**REQUIRED ACTION**.
From the entries that follow, copy exactly the lines beginning at the line holding "Póló Lundhags Järpen" and continuing through the line holding "Peugeot 3008 BlueHDi".

**THE DATA**.
+ + + + +

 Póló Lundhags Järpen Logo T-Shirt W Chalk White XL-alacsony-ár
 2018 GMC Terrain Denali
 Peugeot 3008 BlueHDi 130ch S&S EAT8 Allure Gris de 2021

+ + + + +

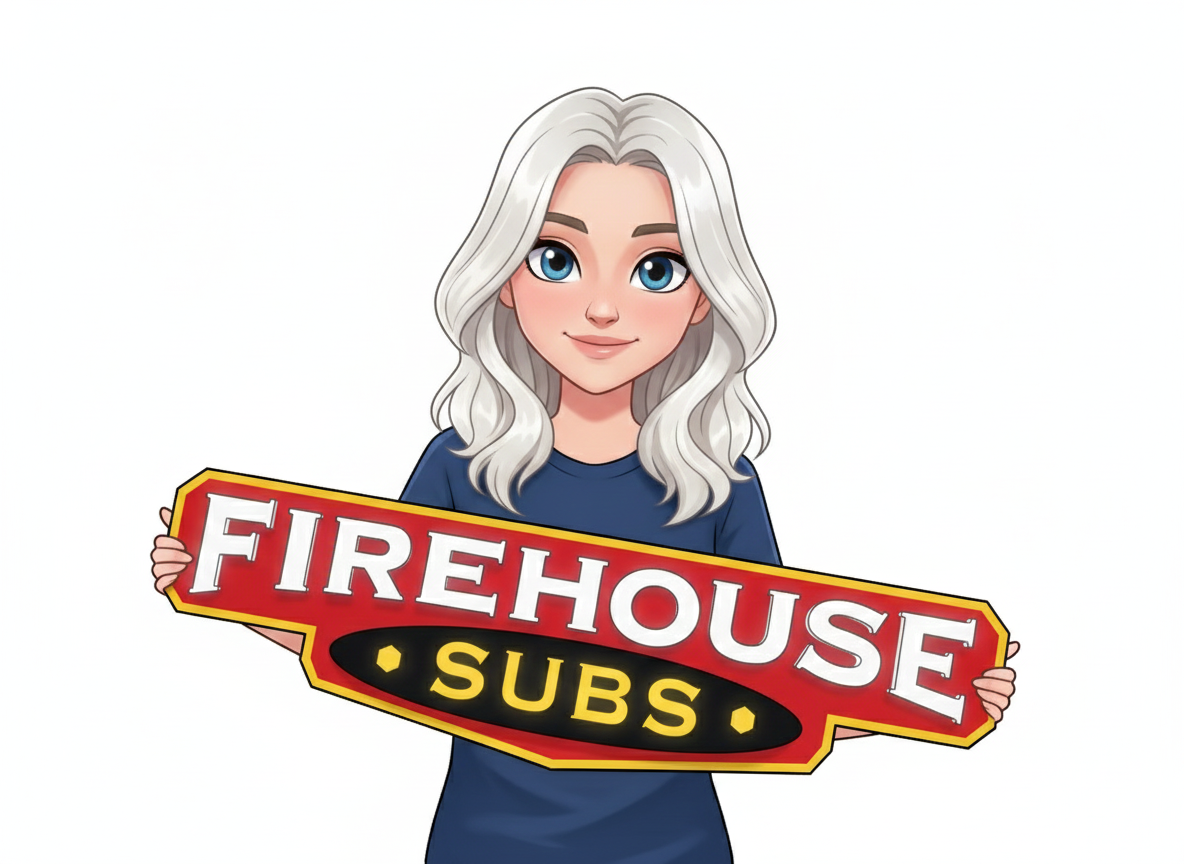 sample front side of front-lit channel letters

+ + + + +

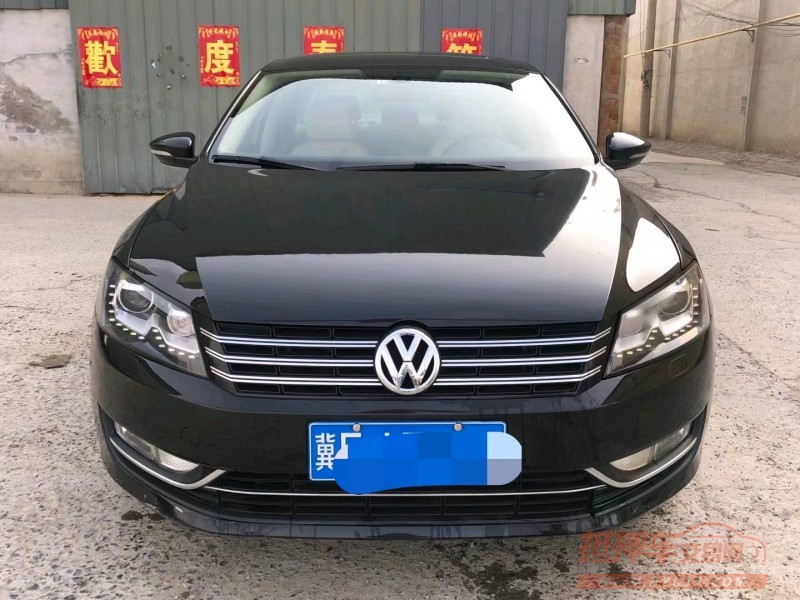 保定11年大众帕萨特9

+ + + + +

**SOLVED EXERCISE**.
 Póló Lundhags Järpen Logo T-Shirt W Chalk White XL-alacsony-ár
 2018 GMC Terrain Denali
 Peugeot 3008 BlueHDi 130ch S&S EAT8 Allure Gris de 2021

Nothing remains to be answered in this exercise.